Ia terpanggil untuk membagikan pengetahuan tentang kesundaan karena ada kecenderungan penurunan penggunaan bahasa Sunda oleh kalangan generasi muda kota-kota besar di Jawa Barat. Pada Februari 2004, lelaki kelahiran Tasikmalaya 15 Mei 1951 itu membuka rumah baca di kediamannya di Jalan Margawangi VII Nomor 5, Bandung, Jawa Barat.
Di halaman rumahnya terpampang sebuah papan bertuliskan "Rumah Baca Buku Sunda Jeung Sajabana" (Rumah Baca Buku Sunda dan Sebagainya), seakan menyambut siapa pun yang datang. Sasmita berkisah, sesuai dengan konsep rumah baca, awalnya pengunjung hanya boleh membaca di tempat. Rupanya, metode itu kurang disukai peminjam. Akhirnya, ia pun mengizinkan buku-bukunya dibawa pulang.
Saat ini terdapat sekitar 1.000 buku yang menghuni rak-rak di dinding rumahnya. Sasmita mengatakan, lebih kurang 500 buku ditulis dalam bahasa Sunda, sedangkan buku-buku lainnya berbahasa Indonesia, Inggris, Belanda, dan Jerman.
Dari 500-an buku berbahasa non-Sunda itu, sekitar 200-an buku bercerita tentang Sunda. Ia mencontohkan buku berjudul Priangan de Preanger Regentscappen order het Nederlandsch Bestuur tot 1811 yang berbahasa Belanda. Buku terbitan tahun 1911 itu bercerita tentang perjalanan seorang Belanda di Tanah Priangan pada abad ke-18. Oleh karena keragaman bahasa dan tema itulah, kata jeung sajabana ditambahkan di belakang nama Rumah Baca Buku Sunda.
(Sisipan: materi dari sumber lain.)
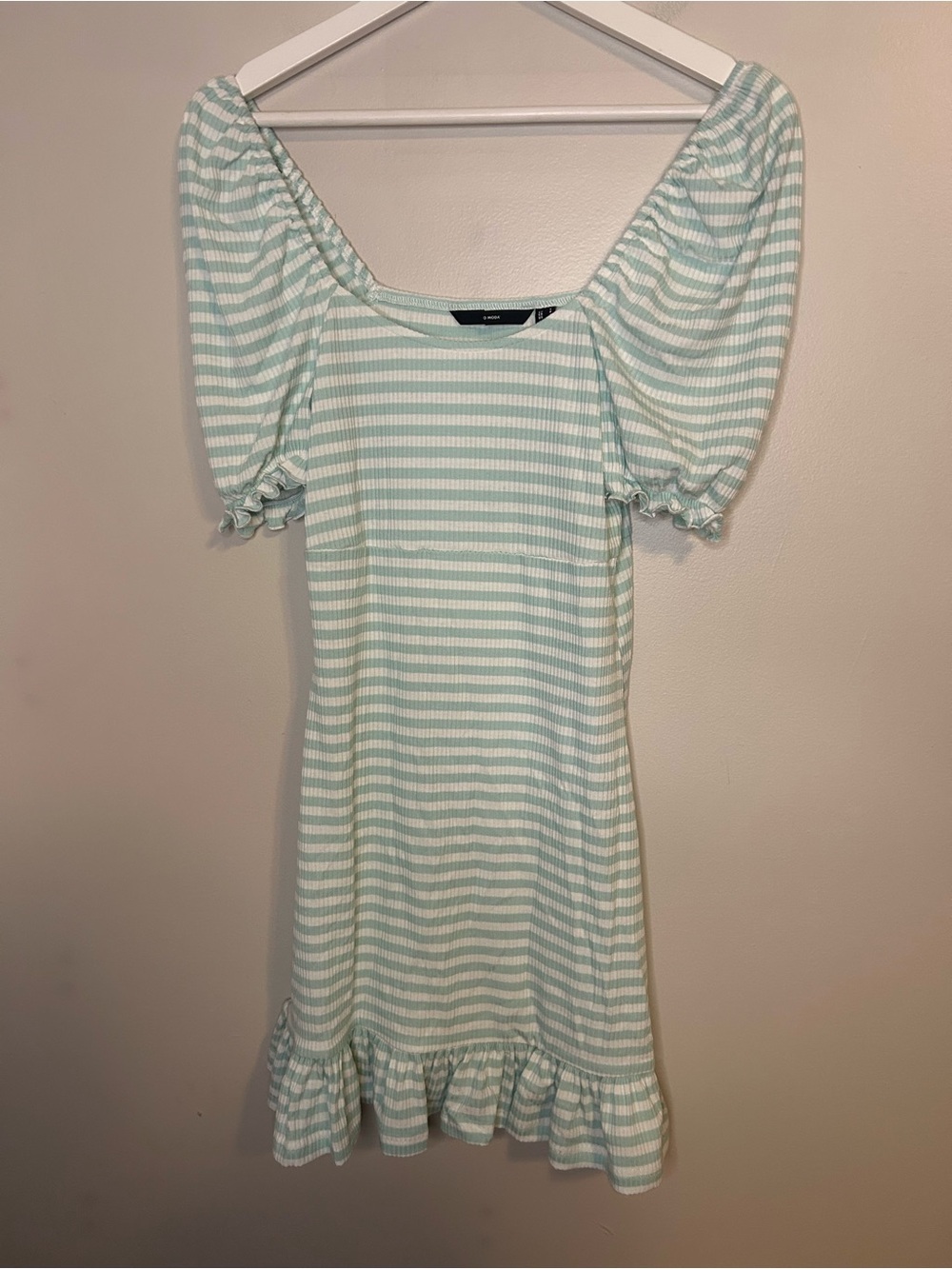 Vero Moda Seafoam Green and White Stripe Square Neck Puff Sleeve Mini Dress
Dalam bahasa Sunda, kata itu berarti "dan sebagainya". Selain buku-buku sejarah dan cerita (fiksi), Sasmita juga mengoleksi kamus-kamus kuno yang berisi terjemahan bahasa Sunda ke berbagai bahasa. Salah satu kamus yang dimilikinya adalah kamus Sunda-Inggris yang terbit tahun 1912.
Mengumpulkan buku
Buku-buku kuno dan langka itu tidak turun dari langit. Sejak masih di bangku sekolah menengah, Sasmita mulai senang berburu buku. Khusus buku kuno dan langka, obyek pencarian adalah pasar-pasar buku loak. Kalau carinya di toko-toko buku baru ya sulit ketemu", ujar suami Siti Syalsiah (48) ini.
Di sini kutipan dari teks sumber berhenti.